First Days in Halls and College – Part 1

[ Image: Drawing-of-Ralph-West-Halls-Bar-from-my-room-1983-1024×771.jpeg ]

Drawing of the Bar from my Room 1983

Dream 2023:

I’m looking at my young self drawing the student bar across the way from his room in Ralph West Halls. The night sky is dark and he seems captivated by the light under which a few students are playing pool, smoking, and fooling around. I remember that drawing, I’ve still got it somewhere. As he finishes, I look at it over his shoulder with my 58-year-old values and think, “It’s ok”. He looks around at me and says, “I can see you, are you me when I’m older?”

“Yes,” I answer matter-of-factly, I should be surprised, but this is a dream and, well, it just feels very normal.

He pauses, looks at me and asks, “What happens to me, when will I die?”

I laugh, “I don’t know, I haven’t died yet, but I don’t think I’ve got much time left”

“What makes you say that?” he asks

“There’s something wrong with me, I’m ill.”

He looks me in the eye, “I’m sorry about that, I mean I really am.”

He purses his lips, they’re a lot fuller than mine are now. My ones have been rubbed down by the friction of life, and a lot of talking.

“How old are you?” he asks.

“I’m 58,” I say, waiting for him to tell me I don’t look that old, but he doesn’t. Instead, he nods approvingly and adds, “So, I’m going to make it till then, it’s good to know I’ve got so long”
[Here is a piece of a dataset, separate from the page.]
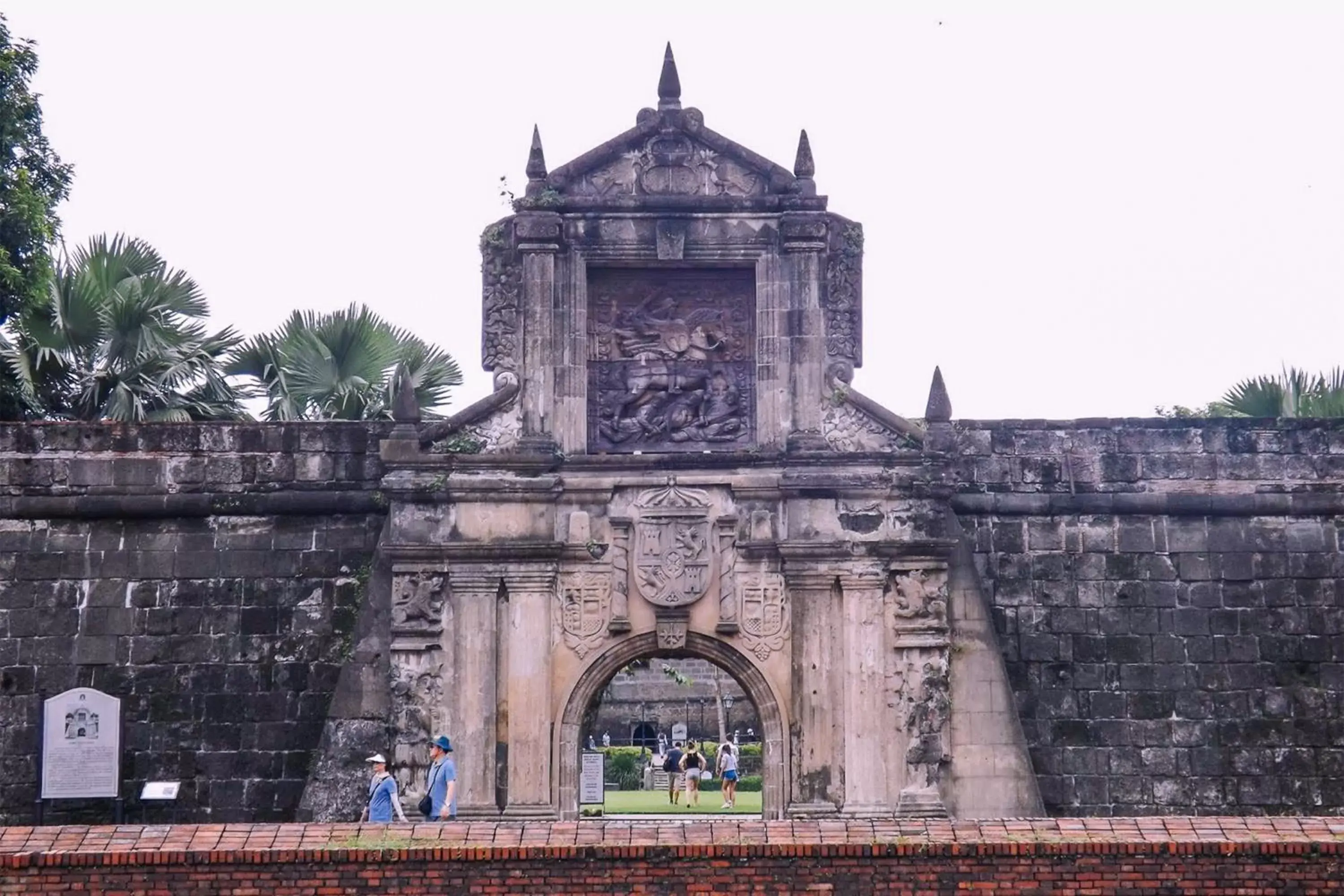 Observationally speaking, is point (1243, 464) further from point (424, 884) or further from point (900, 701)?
point (424, 884)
I shake my head, “It isn’t that long, trust me, it goes by ever so quickly.”

There’s a pause while he thinks, “So, what’s going to happen to me, will I get married?”

I’m not sure whether to add an expression of disappointment or joy as I answer, “I haven’t so far,”

Slightly disturbed he wants to prize this one open more. “Well, will I find anyone who’ll love me?”

I’m not sure how much I should tell him, so keep it simple. “Yes,”

He smiles, “That’s a relief”

Realising I might be getting his expectations up a bit too high I add, “Well, it’s not that simple. There’s something about love you ought to know.”

“What’s that?” he asks

So I tell him, “As you learn about love the less it becomes about being loved, it’s more about learning to love people truly. It’s not an easy journey.”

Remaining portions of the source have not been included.